On Thursday, as part of my staycation experience week I decided to be a Baker. Nothing very unusual there, this is something I do regularly and although I enjoyed the experience I didn't think there was very much to share with you all, so decided not to write about it.
The next day I went out with Doug and Monty for a walk and got to discussing my earlier post from The Turner Gallery. We talked about how you can look at something and not really see what is in front of you unless you look more deeply and take moment to think.
A leaf on the pavement is just another leaf until you really look, See the veins that run through it and as you look closer more tinier veins that carry nutrients to its tip. What wondrous symmetry natures programming has put in place to repeat this form over and over again and the texture and colour as you gently rub your thumb over its surface is not fully acknowledged untill you make a conscious effort to see it. We talked of how the simplest of things give you pleasure but often experiences and opportunity are taken for granted. So I am going to share my baking with you.
10 oz of self-raising flour,I sieve this vigorously into a bowl, gentle clouds billowing above and covering the kitchen worktop, hands, in fact anything within its range with a fine dusting, getting finer towards the edges like a soft powdery illustration of a nuclear fallout pattern. Quite appropriate really as hubby always says the kitchen looks like a bomb has hit it after I have been there.
5 oz of margarine straight from the fridge cold and tacky in my hand. I cut it into pieces which create little craters as they plop into the flour, forming their own little cloudburst of wheaten smoke.
The salt hard and crystalline, sparkling in the sun that shines through the kitchen window goes in next, 1 tsp. Then in with the hands, the flour cold and soft at the same time on the backs of my finger as they plunge into and under, reminding me of the soft down on my Mothers cheek as I gently stroked it to say my last goodbyes. Cold and Hard usually go together like Ice, cold and soft i find unusual. I select the first pieces of fat to be gently squeezed and rubbed between my fingers and thumbs, Like Fagin testing the quality of a silk Handkerchief newly picked from a rich mans pocket. The flakes that flutter gently down from between my fingers getting smaller and smaller as I plunge my hands again and again into the now warming flour, repeating this motion until only small fine crumbs are present in my shiny metal bowl. I am unable to complete this task without making a chewing motion with my jaw, like a cow chewing the cud. Why I do this is a complete mystery but I always have, a reflex, like opening you mouth as you try to spoon feed a child, irresistible. Luckily baking is usually a solo pastime so there are not to many witnesses to my Kitchen Gurning.

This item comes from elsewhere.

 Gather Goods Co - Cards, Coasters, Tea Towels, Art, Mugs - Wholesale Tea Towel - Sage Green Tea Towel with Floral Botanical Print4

Water is then trickled in like little rivers in a barren white sanded desert. I do not know how much, just how much is enough. My favorite tool for this next bit is my grey handled knife which I swizzle around the bowl, enjoying its scraping metallic tune, until no water can be seen and the crumbs are all clumped together in moist little boulders in the bowl, a cratered, free form lunar landscape. Back in with the hand, only one this time. my Fingers swizzle the same way my knife did I hate the way that the dough attaches itself to my fingers. I use only one hand for this as I need to have one clean hand to turn on the tap to wash it off. Gently I gather the clumps into one soft but not wet ball and use it to mop up any stray bits of dough that are left in the bow,l slightly turning the forming pastry until the bowl is clean and the dough is smooth. As I pick up the bowl to make way for the rolling I notice an un-floured void where my bowl had stood. perfectly round and unnoticed until this moment, it cries out for a smiley face to be drawn inside but i resist the urge. Were I to walk away with my bowl and desert the kitchen like the Mary Celeste it would be clear what homely task had been taking place here.

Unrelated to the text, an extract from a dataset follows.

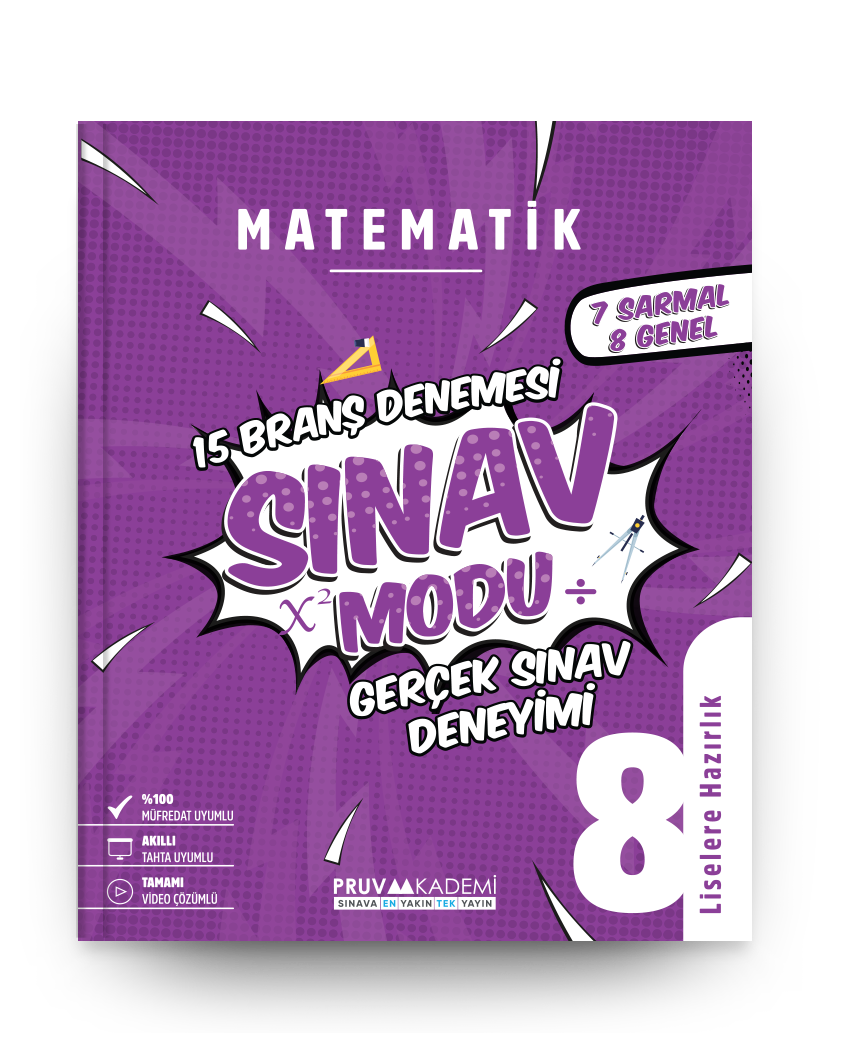 Pruva Akademi 8. Sınıf Matematik Sınav Modu 15 Deneme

The first 2/3 of the dough I roll out to line the pie plate, my favourite Pie plate, a tin plate, Black enamel speckled with white the kind you might find on a camping expedition. Mine is quite deep with a small rim so as not to make to bigger crust, the same Tin Plate i have used for twenty years or more to bake pies for my Family. it is like an old friend its familiarity cheers me as I hang the rolled pastry over the rolling-pin and place it gently over the plate allowing it to settle into the dish and over hang the edges. I flour the worktop again flinging the flour around with free abandon, there's nobody here to witness the disaster zone that my kitchen has become, before rolling the pie lid. Succulent chunks of chicken and white sauce are placed in the pie the light catching it like a sunlit milky pool. Two rashers of Bacon snipped into pieces are added like little pink fishes to the pool while lily pad slices of Mushroom float upon the top. Right, ready for the lid now, softened in the warmth of my Kitchen, it resists being placed and crimped atop my sumptuous filling.
Fresh from the Coop a big Brown egg. I crack it sharply on the side of the cup before prising the now broken shell apart and emptying it in. it sits there in the bottom of the cup, golden-yellow yolk plump and proud floating in its thick viscous snotty egg white. This I beat with a fork ,watch the sunny yolk leak out into the albumen before combining into a honey coloured liquid which will turn my paisty looking pastry into a Bronzed sun-kissed creation that will tease the senses before being gobbled up with pleasure.
Baked to perfection My Chicken Pie emerges from my decrepid old cooker as proud and hansom as its pre baked aroma has promised. wrapped in a familiar red and white tea towel I carry it down the street before presenting it to my son and his family for Dinner.
A dinner we sit and share together, this is a special time as they have just brought home their new baby, our grandson. My old Pie plate, beautiful Baby Max and Chicken Pie. Simple pleasures not taken for granted by this Nanny.